The SciCodes Consortium: coordinating research software registries and repositories
Posted by j.laird
on 21 April 2022 - 10:00am
By Hervé Ménager, Tom Morrell and Alice Allen.
Scientific disciplines that rely on computational methods often have a resource, a code registry or repository, that serves as a library for the discipline and collects the software itself and/or metadata about the software. SciCodes, formed in 2021, is a consortium of academic discipline and institutional software registries and repositories. Among its goals are sharing work methods and creating a virtual registry standard to enable searching across multiple software registries.
Software in science
If you work in geodynamics, astronomy, or with biostatistics, or with any scientific research software, you are likely familiar with either the Astrophysics Source Code Library (ASCL), Computational Infrastructure for Geodynamics (CIG), bio.tools, or Zenodo. Software registries and repositories such as these, CaltechDATA, CoMSES, DOECODE, and others improve research by making these codes discoverable, thus providing transparency and reproducibility, and by promoting reuse of software, thus potentially making research more efficient. These services are also active in promoting formal software citation in research articles.

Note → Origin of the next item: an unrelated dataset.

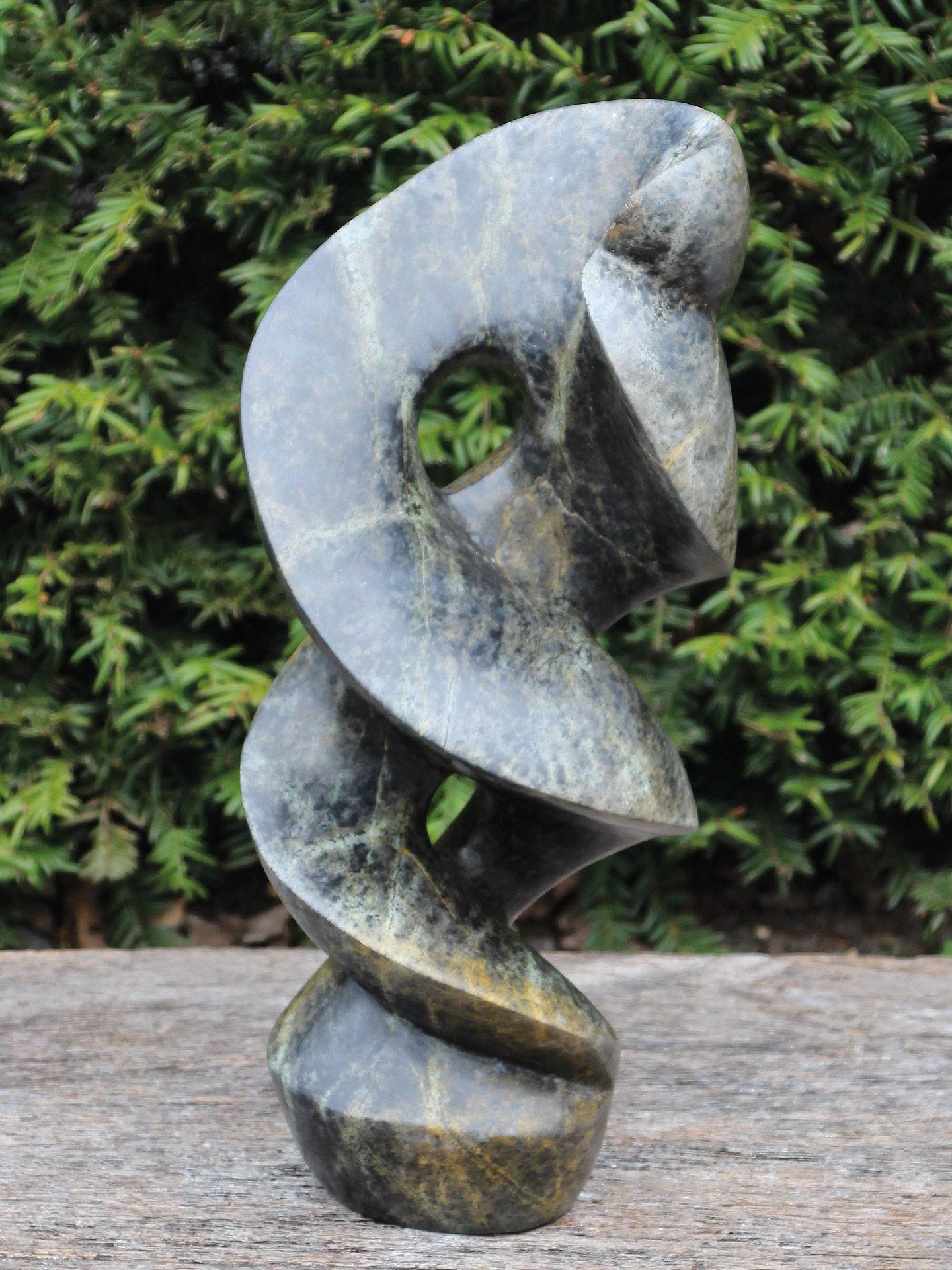Satisfied serpentijn beeld, 36 cm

Several years ago, managers and editors of these and other similar resources got together to share and discuss their practices, and to develop a list of best practices for software registries and repositories. We met virtually for about a year, and then held a workshop to refine our ideas. At the conclusion of that project, the group decided to continue to meet and formed the SciCodes consortium.
One of the goals of the consortium is to enable the ability to search for code across multiple software registries. Software developed for one discipline may also be useful in another. For example, WND-CHARM (Shamir, 2013), written originally for use in biological imaging, has also proven useful in galaxy morphology research. Wouldn’t it be great if there were a way for you to query multiple research software resources to find code that solves a computational problem you have? We think so! And we are working toward a way to do this!

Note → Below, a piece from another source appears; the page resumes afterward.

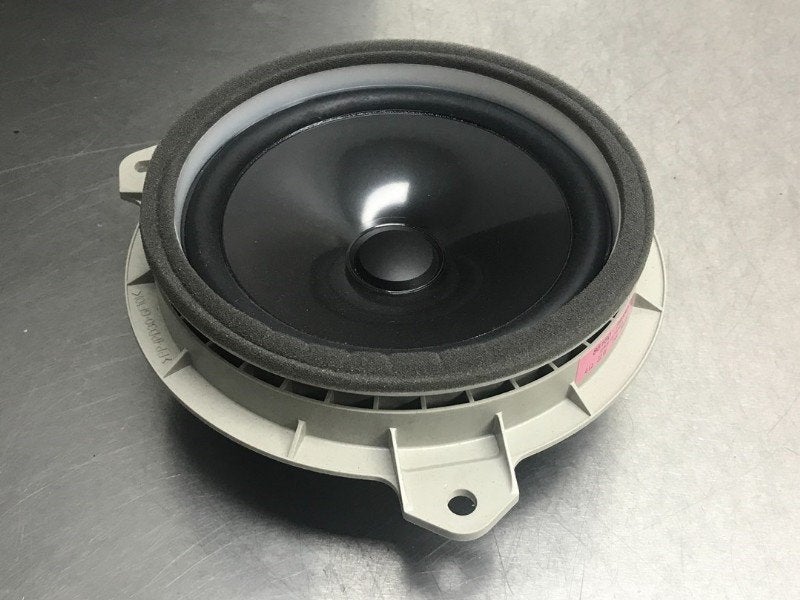 LUIDSPREKER Lexus CT 200h (01-2010/09-2020) (|8616076080|), Gebruikt, Lexus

One of the first efforts of the group is to render our own holdings – the metadata in each software library – in the CodeMeta format (codemeta.json). This translates (or “crosswalks”) the information in each of our resources, which use different schemas, to one standard schema. Having the metadata from these various resources in one standard schema will allow us to build a search tool that can then search all of this metadata, enabling you to find the code that you need, regardless of which discipline it originated in.
The SciCodes consortium also works to improve software citation and findability, strengthen our individual resources by adopting and adapting the best practices we identified, and share advances and information through presentations at our monthly meetings. Because the consortium’s members are spread out over many time zones, the group holds two meetings, seven hours apart, on the same day each month. Meetings include discussions on best practices and presentations from group members. The consortium is currently led by Hervé Ménager and Tom Morrell, who were elected in late 2021 to overlapping terms to run the group.
Are you writing software for research? If so, please consider submitting it for inclusion in a suitable registry/repository. And! Make your own software more easily cited by listing your preferred citation on your code’s download site, preferably in a standard format such as codemeta.json or CITATION.cff.